Saturday, December 27, 2014

The Inquirer's Eagles-N.Y. Giants Predictions

JEFF MCLANE

The Inquirer’s Eagles-N.Y. Giants Predictions

Eagles cornerback Brandon Boykin. (Steven M. Falk/Staff Photographer)
Eagles cornerback Brandon Boykin. (Steven M. Falk/Staff Photographer)

JEFF MCLANE

Three weeks after meeting up at the Meadowlands, the Eagles and Giants conclude their season series Sunday at the Linc, where the Birds have lost nine straight dating back to last September’s victory over New York. The Eagles are 5-1/2-point favorites, but the Giants have some momentum coming off their first win of the season – a 23-7 pasting of the lowly Vikings.

The Eagles are in a bit of a spin after the Cowboys cooked them, 17-3, on Sunday. Nick Foles was dreadful and Chip Kelly’s entire offense wasn’t clicking like it had through the first six games. But, lo and behold, here comes Michael Vick, back after missing the previous 2-1/2 games from the hamstring strain he suffered in the first Giants game. It’s unclear how much Vick will be able to do in terms of running the ball, though. The most effective part of his performance three weeks ago was on the ground as Kelly unveiled a quarterback sweep and Vick picked up chunks of yards in the read option.
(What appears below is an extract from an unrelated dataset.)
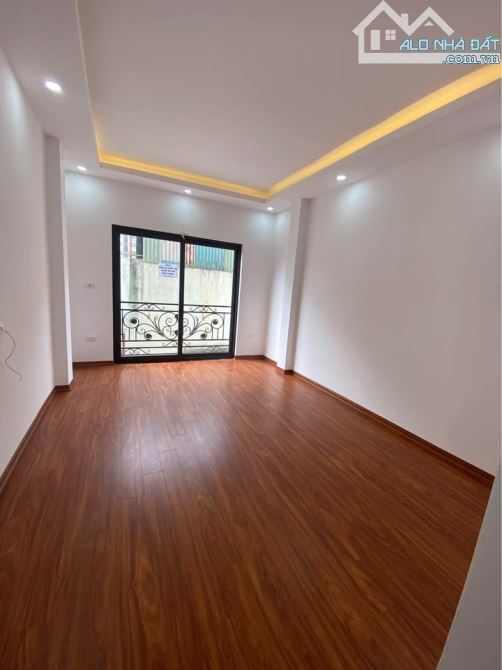 HIẾM ! BÁN NHÀ PHỐ THẠCH BÀN, LÔ GÓC 60M, 6 TẦNG THANG MÁY, NHỈNH 13 ĐỒNG - 2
The Giants did a solid job of neutralizing Eagles receivers for most of the first half. They used the scheme most defenses have used to slow Kelly’s air attack – man-to-man with a single high safety. But Foles was able to find some holes in the secondary in the second half and after the Eagles forced two turnovers. He connected with Brent Celek and DeSean Jackson (seven catches for 132 yards) for touchdowns that clinched the Birds’ 36-21 win.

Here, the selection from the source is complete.